Confluence Adds Institutional Coverage to Unity Performance Suite

Portfolio returns, performance analytics improved.

paul-soltis
Paul Soltis, Confluence.

Buy-side provider Confluence has made several changes to its Unity Performance solution to help institutional investors de-clutter their systems.

Unity Performance covers automated daily and monthly mutual-fund return calculations, and extends to more than 80 percent of US mutual funds today.

By expanding to provide support for institutional portfolios and portfolio analytics, Pittsburgh, Pa.-based Confluence will add automated calculation of fund, portfolio and composite returns while providing attribution, contribution, and risk and volatility statistics. With more than 800 functions available, the solution will deliver on firms' most complex performance requirements.

[For a selection of new critical options, see below]

“Asset managers are increasingly focused on defragmenting their technology and data by consolidating vendors and relying on solutions that deliver broad functionality across a global enterprise,” says Paul Soltis, North American market manager at Confluence. “By expanding our Unity Performance solution to support returns for both institutional portfolios and retail funds, and to support performance analytics across all asset classes, we are delivering on that need and enabling investment firms to manage enterprise-wide performance calculation, analysis and reporting from a single platform.” 
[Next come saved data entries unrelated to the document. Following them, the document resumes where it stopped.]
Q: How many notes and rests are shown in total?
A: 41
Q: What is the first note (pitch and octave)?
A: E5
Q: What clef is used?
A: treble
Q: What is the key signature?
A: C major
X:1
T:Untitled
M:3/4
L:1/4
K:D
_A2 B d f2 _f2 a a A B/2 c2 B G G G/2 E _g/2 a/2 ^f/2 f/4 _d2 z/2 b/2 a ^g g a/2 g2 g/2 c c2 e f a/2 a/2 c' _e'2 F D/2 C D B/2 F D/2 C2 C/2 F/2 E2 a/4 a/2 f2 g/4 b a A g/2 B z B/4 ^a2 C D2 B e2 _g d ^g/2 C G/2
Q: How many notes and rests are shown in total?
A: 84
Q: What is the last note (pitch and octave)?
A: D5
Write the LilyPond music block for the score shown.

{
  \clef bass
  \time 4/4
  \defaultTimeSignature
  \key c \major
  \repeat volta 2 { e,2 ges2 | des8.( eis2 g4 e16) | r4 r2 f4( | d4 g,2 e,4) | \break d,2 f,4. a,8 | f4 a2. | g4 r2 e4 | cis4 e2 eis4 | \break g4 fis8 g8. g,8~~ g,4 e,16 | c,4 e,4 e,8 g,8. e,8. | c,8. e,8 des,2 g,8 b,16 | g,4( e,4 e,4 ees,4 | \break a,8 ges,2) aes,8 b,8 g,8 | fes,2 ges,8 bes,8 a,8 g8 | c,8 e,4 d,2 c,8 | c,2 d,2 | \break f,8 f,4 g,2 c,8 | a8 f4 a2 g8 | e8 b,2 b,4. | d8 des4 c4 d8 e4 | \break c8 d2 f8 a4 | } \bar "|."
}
 New options now included in Unity Performance:

  • Fund Returns: Calculates and delivers all of the geometric returns required for mutual fund disclosures and marketing, as well as for internal analysis, including load and no load, synthetic, multi-currency, gross of fees, principal only and US after-tax.
  • Portfolio Returns: Provides flexibility to easily calculate portfolio performance returns according to different methodologies such as Money Weighted Return, Time Weighted Return or Modified Dietz.
  • Risk & Volatility Statistics: Enables standard and ad-hoc reports to be automatically created including the most common risk measures and calculations used for external reporting, marketing documents and internal portfolio analysis.
  • Contribution: Breaks down returns through criteria such as sectors, geo zones, currencies and instrument types. Asset managers can compare holdings to indices or model portfolios and identify top contributors and detractors to fund returns.
  • Attribution: Allows any type of attribution to be calculated with various criteria parameters and models, including transaction based, to fit the analysis of each specific type of portfolio or financial instrument, including fixed income and derivatives.